▸ **Supplied information**
* * * * * * * * *

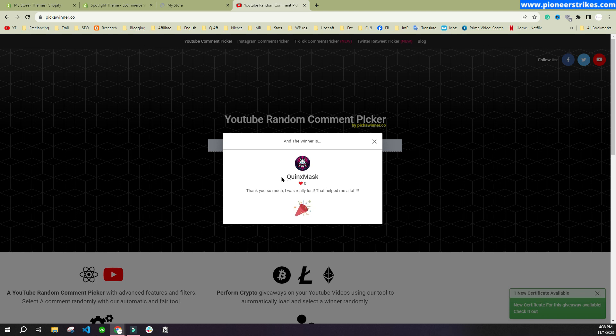The winner of the giveaway is Quinks Marks. If you are watching the video, you can contact me. I will also announce the winner in the community post. If you want to get free gifts as well, then don't forget to like this video, comment on the video, and subscribe to my channel. I will pick a random comment and announce the winner in the community post.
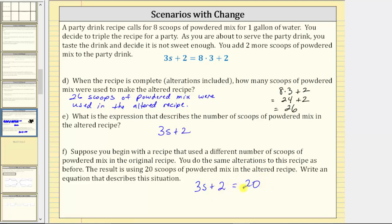We are done, but if we look at this equation, we can actually determine the value of s that satisfies it. This value of s would be the number of scoops in the original recipe of this new recipe. Because eighteen plus two equals twenty and three times six equals eighteen, s equals six satisfies the equation — meaning this new recipe started with six scoops of powdered mix. I hope you found this helpful.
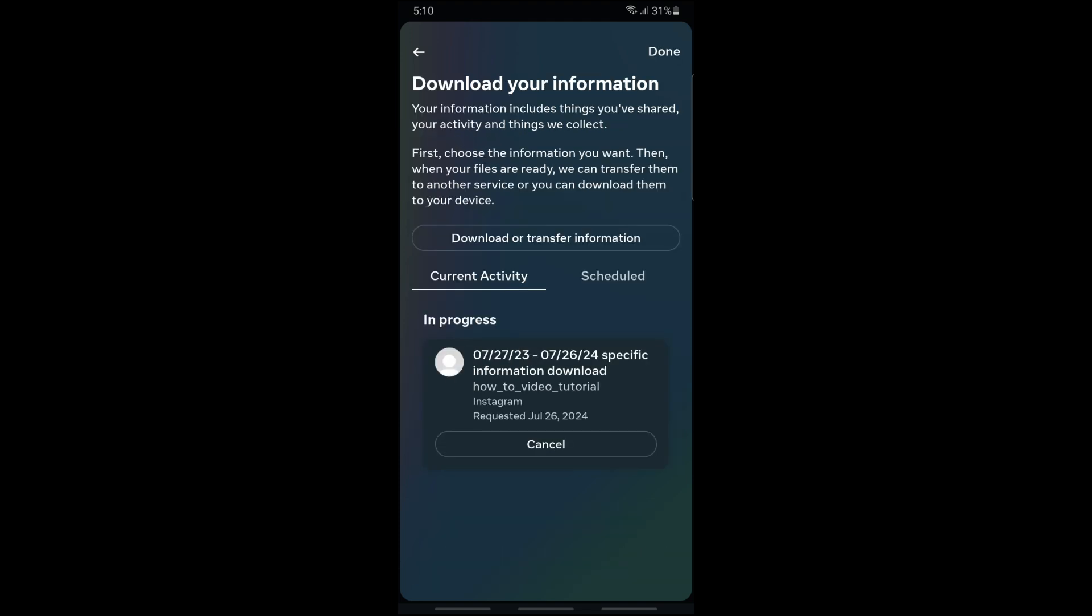After that, when your data is ready for download, an email will be sent to you. From there you'll be able to download your data and recover your files. If this video was helpful, please like and subscribe. Thanks for watching, see ya!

* * * * * * * * *

▸ **What is expected**
The data above should be repeated exactly, minus any pictures.

▸ **Solved problem**
The winner of the giveaway is Quinks Marks. If you are watching the video, you can contact me. I will also announce the winner in the community post. If you want to get free gifts as well, then don't forget to like this video, comment on the video, and subscribe to my channel. I will pick a random comment and announce the winner in the community post.
We are done, but if we look at this equation, we can actually determine the value of s that satisfies it. This value of s would be the number of scoops in the original recipe of this new recipe. Because eighteen plus two equals twenty and three times six equals eighteen, s equals six satisfies the equation — meaning this new recipe started with six scoops of powdered mix. I hope you found this helpful.
After that, when your data is ready for download, an email will be sent to you. From there you'll be able to download your data and recover your files. If this video was helpful, please like and subscribe. Thanks for watching, see ya!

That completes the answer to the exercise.